Князь очень беспокоился всходя и старался всеми силами ободрить себя. «Самое большое, – думал он, – будет то, что не примут и что-нибудь нехорошее обо мне подумают, или, пожалуй, и примут, да станут смеяться в глаза… Э, ничего!» И действительно, это еще не очень пугало; но вопрос: «Что же он там сделает и зачем идет?» – на этот вопрос он решительно не находил успокоительного ответа. Если бы даже и можно было каким-нибудь образом, уловив случай, сказать Настасье Филипповне: «Не выходите за этого человека и не губите себя, он вас не любит, а любит ваши деньги, он мне сам это говорил, и мне говорила Аглая Епанчина, а я пришел вам пересказать», – то вряд ли это вышло бы правильно во всех отношениях. Представлялся и еще один неразрешенный вопрос, и до того капитальный, что князь даже думать о нем боялся, даже допустить его не мог и не смел, формулировать как, не знал, краснел и трепетал при одной мысли о нем. Но кончилось тем, что, несмотря на все эти тревоги и сомнения, он все-таки вошел и спросил Настасью Филипповну.

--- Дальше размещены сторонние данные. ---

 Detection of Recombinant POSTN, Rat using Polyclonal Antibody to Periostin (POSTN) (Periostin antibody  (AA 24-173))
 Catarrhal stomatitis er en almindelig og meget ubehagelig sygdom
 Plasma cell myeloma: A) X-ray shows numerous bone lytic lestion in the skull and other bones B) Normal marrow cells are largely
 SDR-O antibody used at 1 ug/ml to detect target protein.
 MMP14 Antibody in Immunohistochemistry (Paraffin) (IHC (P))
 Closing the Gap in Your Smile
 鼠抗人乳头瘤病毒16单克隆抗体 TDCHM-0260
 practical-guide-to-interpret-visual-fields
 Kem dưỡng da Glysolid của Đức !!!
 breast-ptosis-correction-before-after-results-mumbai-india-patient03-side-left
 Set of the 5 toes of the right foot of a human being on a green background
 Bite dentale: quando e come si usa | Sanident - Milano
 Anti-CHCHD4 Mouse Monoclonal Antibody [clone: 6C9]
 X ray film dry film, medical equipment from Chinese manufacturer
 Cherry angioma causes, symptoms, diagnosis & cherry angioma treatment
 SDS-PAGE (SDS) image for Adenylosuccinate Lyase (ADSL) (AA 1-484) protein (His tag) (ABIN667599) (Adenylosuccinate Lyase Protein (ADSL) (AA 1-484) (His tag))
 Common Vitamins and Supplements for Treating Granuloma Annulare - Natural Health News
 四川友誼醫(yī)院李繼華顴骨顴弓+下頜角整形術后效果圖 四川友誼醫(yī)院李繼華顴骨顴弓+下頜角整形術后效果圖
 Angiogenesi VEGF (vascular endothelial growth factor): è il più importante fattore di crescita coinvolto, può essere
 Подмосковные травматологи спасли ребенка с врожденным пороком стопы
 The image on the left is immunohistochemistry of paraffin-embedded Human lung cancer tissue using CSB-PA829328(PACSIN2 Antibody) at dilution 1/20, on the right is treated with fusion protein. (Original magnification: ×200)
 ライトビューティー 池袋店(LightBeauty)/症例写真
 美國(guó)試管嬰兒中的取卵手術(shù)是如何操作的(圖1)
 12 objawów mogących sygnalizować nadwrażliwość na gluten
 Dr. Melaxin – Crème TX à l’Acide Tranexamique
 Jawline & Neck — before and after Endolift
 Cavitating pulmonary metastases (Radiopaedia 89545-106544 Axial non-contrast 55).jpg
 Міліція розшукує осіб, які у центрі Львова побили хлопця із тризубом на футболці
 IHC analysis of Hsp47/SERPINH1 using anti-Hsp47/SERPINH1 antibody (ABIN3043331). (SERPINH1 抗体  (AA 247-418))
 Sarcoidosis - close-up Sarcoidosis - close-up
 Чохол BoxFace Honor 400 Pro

Настасья Филипповна занимала не очень большую, но действительно великолепно отделанную квартиру. В эти пять лет ее петербургской жизни было одно время, вначале, когда Афанасий Иванович особенно не жалел для нее денег; он еще рассчитывал тогда на ее любовь и думал соблазнить ее, главное, комфортом и роскошью, зная, как легко прививаются привычки роскоши и как трудно потом отставать от них, когда роскошь мало-помалу обращается в необходимость. В этом случае Тоцкий пребывал верен старым добрым преданиям, не изменяя в них ничего, безгранично уважая всю непобедимую силу чувственных влияний. Настасья Филипповна от роскоши не отказывалась, даже любила ее, но – и это казалось чрезвычайно странным – никак не поддавалась ей, точно всегда могла и без нее обойтись; даже старалась несколько раз заявить о том, что неприятно поражало Тоцкого. Впрочем, многое было в Настасье Филипповне, что неприятно (а впоследствии даже до презрения) поражало Афанасия Ивановича. Не говоря уже о неизящности того сорта людей, которых она иногда приближала к себе, а стало быть, и наклонна была приближать, проглядывали в ней и еще некоторые совершенно странные наклонности: заявлялась какая-то варварская смесь двух вкусов, способность обходиться и удовлетворяться такими вещами и средствами, которых и существование нельзя бы, кажется, было допустить человеку порядочному и тонко развитому. В самом деле, если бы, говоря к примеру, Настасья Филипповна выказала вдруг какое-нибудь милое и изящное незнание, вроде, например, того, что крестьянки не могут носить батистового белья, какое она носит, то Афанасий Иванович, кажется, был бы этим чрезвычайно доволен. К этим результатам клонилось первоначально и всё воспитание Настасьи Филипповны, по программе Тоцкого, который в этом роде был очень понимающий человек; но, увы! результаты оказались странные. Несмотря, однако ж, на то, все-таки было и оставалось что-то в Настасье Филипповне, что иногда поражало даже самого Афанасия Ивановича необыкновенною и увлекательною оригинальностью, какою-то силой, и прельщало его иной раз даже и теперь, когда уже рухнули все прежние расчеты его на Настасью Филипповну.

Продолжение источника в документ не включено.